## Given data
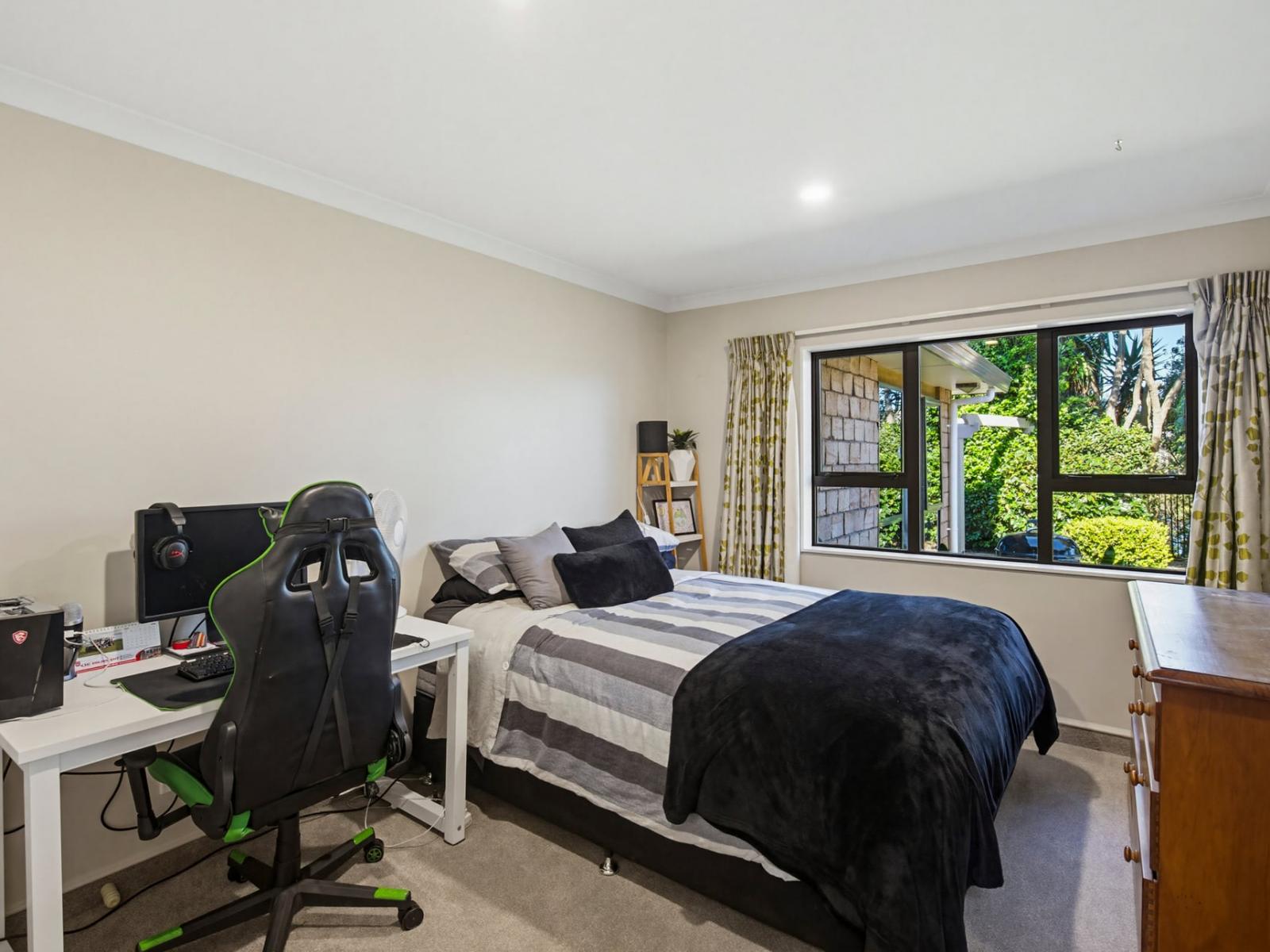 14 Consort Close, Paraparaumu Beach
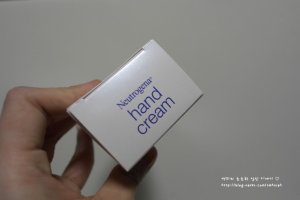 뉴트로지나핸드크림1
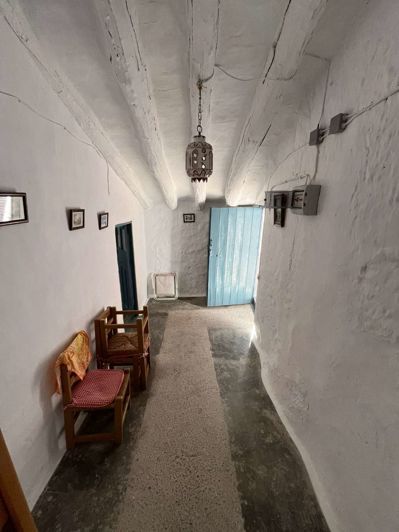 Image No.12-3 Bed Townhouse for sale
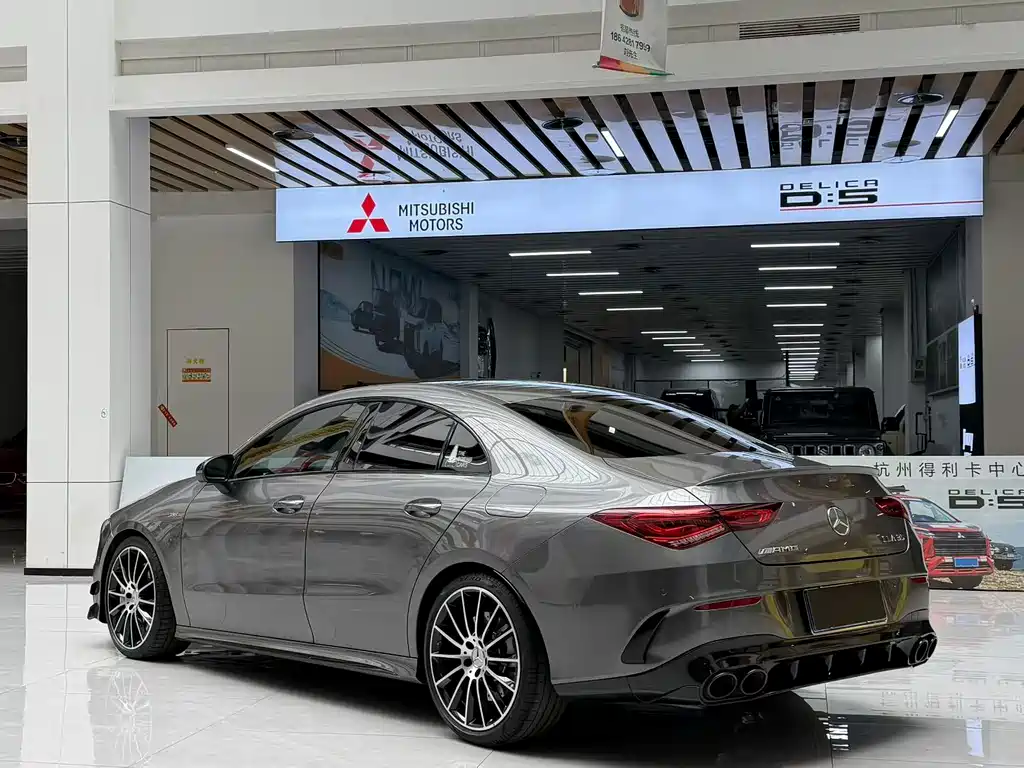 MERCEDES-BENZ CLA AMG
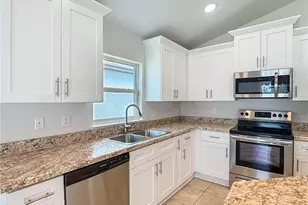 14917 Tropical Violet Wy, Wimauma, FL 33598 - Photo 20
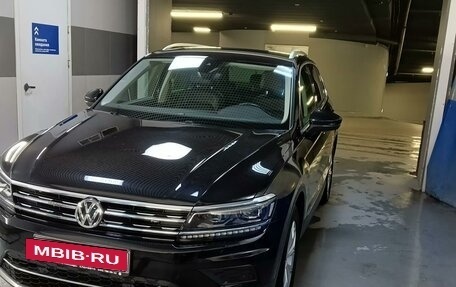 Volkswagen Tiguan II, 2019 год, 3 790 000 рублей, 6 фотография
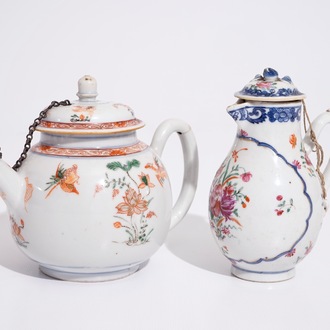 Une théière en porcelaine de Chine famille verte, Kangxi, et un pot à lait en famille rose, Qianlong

## Work item
Every record above needs to be repeated exactly; pictures are to be left out.

## Written response
 14 Consort Close, Paraparaumu Beach
 뉴트로지나핸드크림1
 Image No.12-3 Bed Townhouse for sale
 MERCEDES-BENZ CLA AMG
 14917 Tropical Violet Wy, Wimauma, FL 33598 - Photo 20
 Volkswagen Tiguan II, 2019 год, 3 790 000 рублей, 6 фотография
 Une théière en porcelaine de Chine famille verte, Kangxi, et un pot à lait en famille rose, Qianlong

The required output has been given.